La medicina dell'informazione. Intervista a Carlo Verna (OdG) sul rapporto tra giustizia e informazione.

Ecco un altro tassello della nostra rivista Desk che è dedicata, nel suo ultimo numero, al ‘Raccontare la Giustizia’. Oggi in #deskdelladomenica vi offriamo per una ri-lettura questa intervista di Vania De Luca (presidente nazionale dell’Ucsi) a Carlo Verna (presidente del nostro Ordine). Lo stesso Verna è intervenuto anche al dibattito che su questi temi abbiamo organizzato a Roma nei giorni scorsi (leggi qui).

Vania De Luca

Carlo Verna si occupa professionalmente di giornalismo sportivo, ma ha una formazione giuridica, è stato segretario dell’Usigrai, il sindacato dei giornalisti Rai, e da alcuni mesi presiede l’Ordine nazionale dei giornalisti.

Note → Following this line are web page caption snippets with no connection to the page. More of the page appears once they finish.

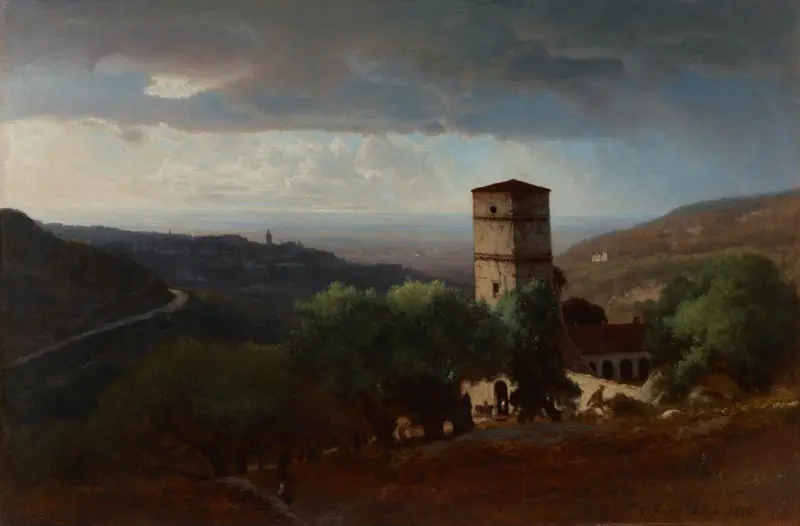 Utsikt över Rom från Tivoli av George Inness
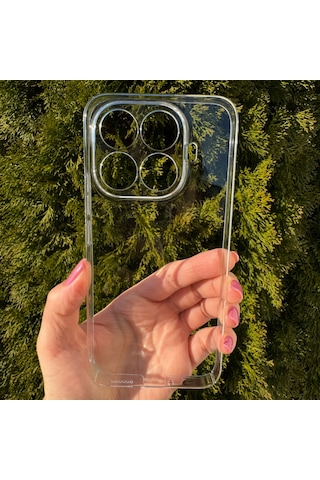 Xiaomi 15t Pro İle Uyumlu Kılıf Şeffaf Kamera Korumalı 3d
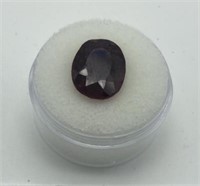 Oval Cut and Faceted Madagascar Ruby Gem Stone
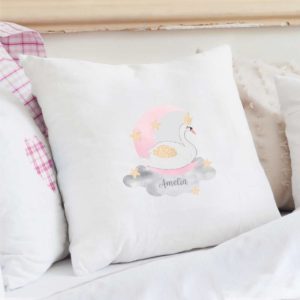 Personalised Swan Lake Cushion Cover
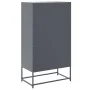 Aparador de acero gris antracita 68,5x38,5x123,5 cm de , Aparadores - Ref: Foro24-846490, Precio: 150,17 €, Descuento: %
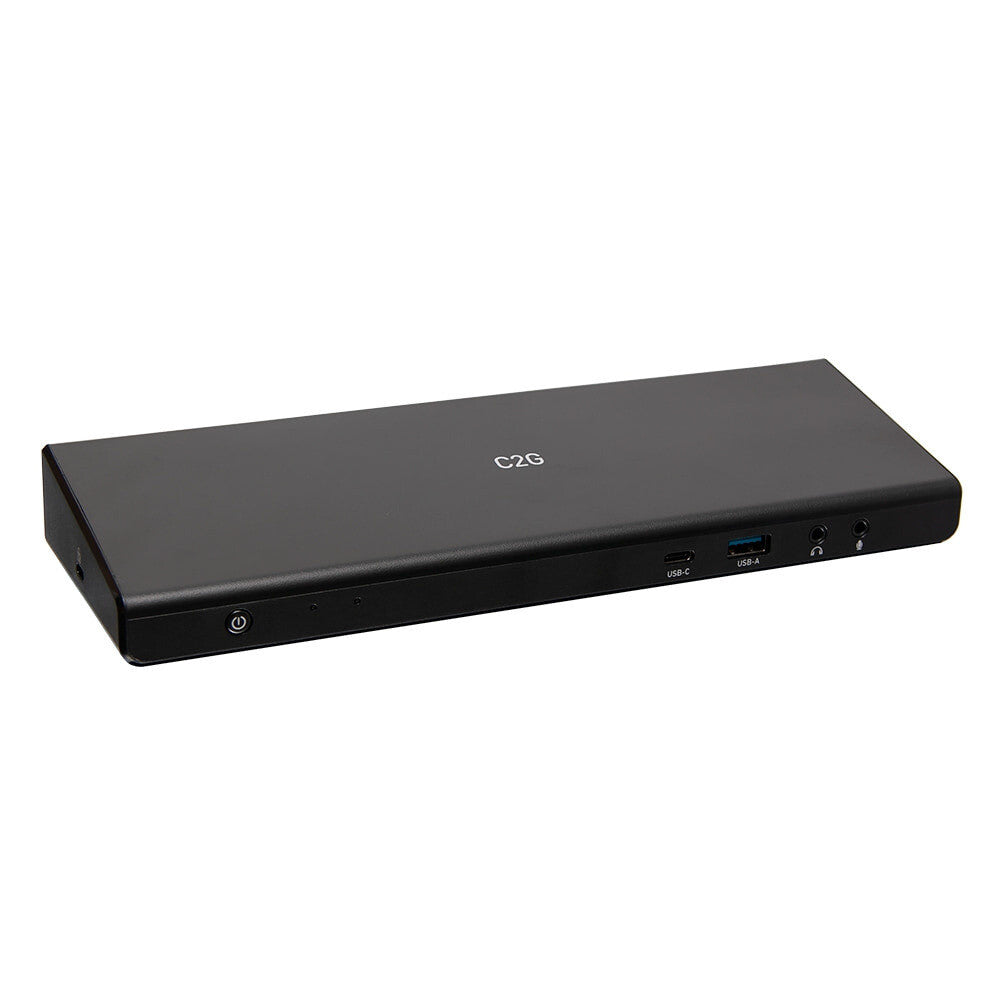 C2G USB-C® 12-in-1 Triple Display Docking Station with HDMI®, DisplayPortTM, Ethernet, USB (TAA Compliant)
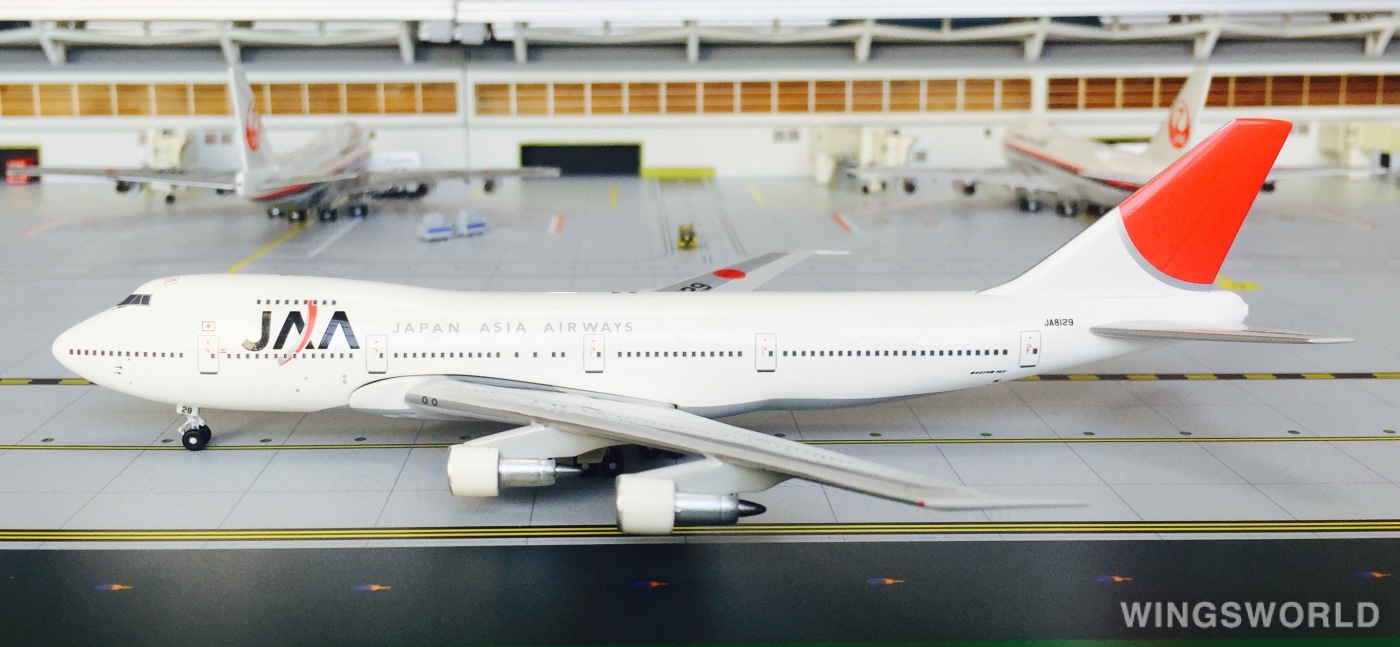 Big Bird 1:400 BB4-2004-30 Japan Asia Airways 日本亚细亚航空 Boeing 747-200 JA8129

Qual è, dal tuo punto di vista, lo stato di salute del rapporto tra giustizia e informazione?

Potrebbe essere migliore se emergesse la consapevolezza dell'importanza dei poteri di controllo in una moderna democrazia. I giudici esistono da sempre, a voler riconoscere al massimo l’anzianità del giornalismo, invece, si parte dal XVI secolo, ma questo non ne diminuisce il peso rispetto all’altro potere di controllo, che talvolta soffre la presenza dell’informazione. Mi fa molto piacere che nel corso di un recente incontro che abbiamo avuto insieme alla Fnsi col vice presidente del Csm Legnini ci sia stato detto come costituisca obiettivo dell’organo di autogoverno della magistratura l’emanazione di linee guida sulla comunicazione giudiziaria.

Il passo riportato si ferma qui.